Prompt:
In your answer, every line of the records should be written out exactly.

Caption-style text data:
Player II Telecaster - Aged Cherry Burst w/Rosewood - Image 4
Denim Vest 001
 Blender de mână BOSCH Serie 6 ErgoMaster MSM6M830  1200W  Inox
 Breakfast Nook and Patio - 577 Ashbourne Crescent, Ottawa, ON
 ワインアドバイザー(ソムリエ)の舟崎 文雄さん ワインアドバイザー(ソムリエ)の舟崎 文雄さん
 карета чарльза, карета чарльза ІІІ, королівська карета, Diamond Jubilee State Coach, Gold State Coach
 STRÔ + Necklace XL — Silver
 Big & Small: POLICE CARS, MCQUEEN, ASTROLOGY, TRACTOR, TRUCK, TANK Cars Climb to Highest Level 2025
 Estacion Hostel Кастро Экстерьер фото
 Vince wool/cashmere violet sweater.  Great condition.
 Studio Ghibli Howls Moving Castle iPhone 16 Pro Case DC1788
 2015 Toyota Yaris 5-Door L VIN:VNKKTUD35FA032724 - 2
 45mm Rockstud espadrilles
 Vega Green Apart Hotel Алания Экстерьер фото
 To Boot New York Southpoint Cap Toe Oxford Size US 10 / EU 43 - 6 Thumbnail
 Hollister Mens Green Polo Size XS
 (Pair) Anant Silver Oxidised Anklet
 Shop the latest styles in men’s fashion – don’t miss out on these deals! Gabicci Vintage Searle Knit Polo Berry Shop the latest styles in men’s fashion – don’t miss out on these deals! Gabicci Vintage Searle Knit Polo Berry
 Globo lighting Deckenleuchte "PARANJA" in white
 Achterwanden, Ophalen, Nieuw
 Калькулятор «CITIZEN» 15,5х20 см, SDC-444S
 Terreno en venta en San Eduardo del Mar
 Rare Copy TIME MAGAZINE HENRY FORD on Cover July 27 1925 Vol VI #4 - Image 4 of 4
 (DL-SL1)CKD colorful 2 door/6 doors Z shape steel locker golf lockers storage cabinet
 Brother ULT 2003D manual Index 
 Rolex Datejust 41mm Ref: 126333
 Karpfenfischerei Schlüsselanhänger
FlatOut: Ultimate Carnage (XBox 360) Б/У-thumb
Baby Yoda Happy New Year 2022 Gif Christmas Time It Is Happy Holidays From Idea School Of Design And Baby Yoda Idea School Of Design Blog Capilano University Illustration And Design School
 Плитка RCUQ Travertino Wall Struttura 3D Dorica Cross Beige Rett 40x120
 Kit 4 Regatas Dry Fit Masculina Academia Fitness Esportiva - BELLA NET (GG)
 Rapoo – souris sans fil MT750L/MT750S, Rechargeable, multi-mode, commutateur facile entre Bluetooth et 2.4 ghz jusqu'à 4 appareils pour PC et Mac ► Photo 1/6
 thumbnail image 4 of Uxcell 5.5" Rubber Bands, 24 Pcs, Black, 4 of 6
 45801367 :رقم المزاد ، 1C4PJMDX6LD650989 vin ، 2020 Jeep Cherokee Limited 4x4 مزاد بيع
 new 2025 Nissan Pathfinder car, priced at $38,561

Result of the exercise:
Player II Telecaster - Aged Cherry Burst w/Rosewood - Image 4
Denim Vest 001
 Blender de mână BOSCH Serie 6 ErgoMaster MSM6M830  1200W  Inox
 Breakfast Nook and Patio - 577 Ashbourne Crescent, Ottawa, ON
 ワインアドバイザー(ソムリエ)の舟崎 文雄さん ワインアドバイザー(ソムリエ)の舟崎 文雄さん
 карета чарльза, карета чарльза ІІІ, королівська карета, Diamond Jubilee State Coach, Gold State Coach
 STRÔ + Necklace XL — Silver
 Big & Small: POLICE CARS, MCQUEEN, ASTROLOGY, TRACTOR, TRUCK, TANK Cars Climb to Highest Level 2025
 Estacion Hostel Кастро Экстерьер фото
 Vince wool/cashmere violet sweater.  Great condition.
 Studio Ghibli Howls Moving Castle iPhone 16 Pro Case DC1788
 2015 Toyota Yaris 5-Door L VIN:VNKKTUD35FA032724 - 2
 45mm Rockstud espadrilles
 Vega Green Apart Hotel Алания Экстерьер фото
 To Boot New York Southpoint Cap Toe Oxford Size US 10 / EU 43 - 6 Thumbnail
 Hollister Mens Green Polo Size XS
 (Pair) Anant Silver Oxidised Anklet
 Shop the latest styles in men’s fashion – don’t miss out on these deals! Gabicci Vintage Searle Knit Polo Berry Shop the latest styles in men’s fashion – don’t miss out on these deals! Gabicci Vintage Searle Knit Polo Berry
 Globo lighting Deckenleuchte "PARANJA" in white
 Achterwanden, Ophalen, Nieuw
 Калькулятор «CITIZEN» 15,5х20 см, SDC-444S
 Terreno en venta en San Eduardo del Mar
 Rare Copy TIME MAGAZINE HENRY FORD on Cover July 27 1925 Vol VI #4 - Image 4 of 4
 (DL-SL1)CKD colorful 2 door/6 doors Z shape steel locker golf lockers storage cabinet
 Brother ULT 2003D manual Index 
 Rolex Datejust 41mm Ref: 126333
 Karpfenfischerei Schlüsselanhänger
FlatOut: Ultimate Carnage (XBox 360) Б/У-thumb
Baby Yoda Happy New Year 2022 Gif Christmas Time It Is Happy Holidays From Idea School Of Design And Baby Yoda Idea School Of Design Blog Capilano University Illustration And Design School
 Плитка RCUQ Travertino Wall Struttura 3D Dorica Cross Beige Rett 40x120
 Kit 4 Regatas Dry Fit Masculina Academia Fitness Esportiva - BELLA NET (GG)
 Rapoo – souris sans fil MT750L/MT750S, Rechargeable, multi-mode, commutateur facile entre Bluetooth et 2.4 ghz jusqu'à 4 appareils pour PC et Mac ► Photo 1/6
 thumbnail image 4 of Uxcell 5.5" Rubber Bands, 24 Pcs, Black, 4 of 6
 45801367 :رقم المزاد ، 1C4PJMDX6LD650989 vin ، 2020 Jeep Cherokee Limited 4x4 مزاد بيع
 new 2025 Nissan Pathfinder car, priced at $38,561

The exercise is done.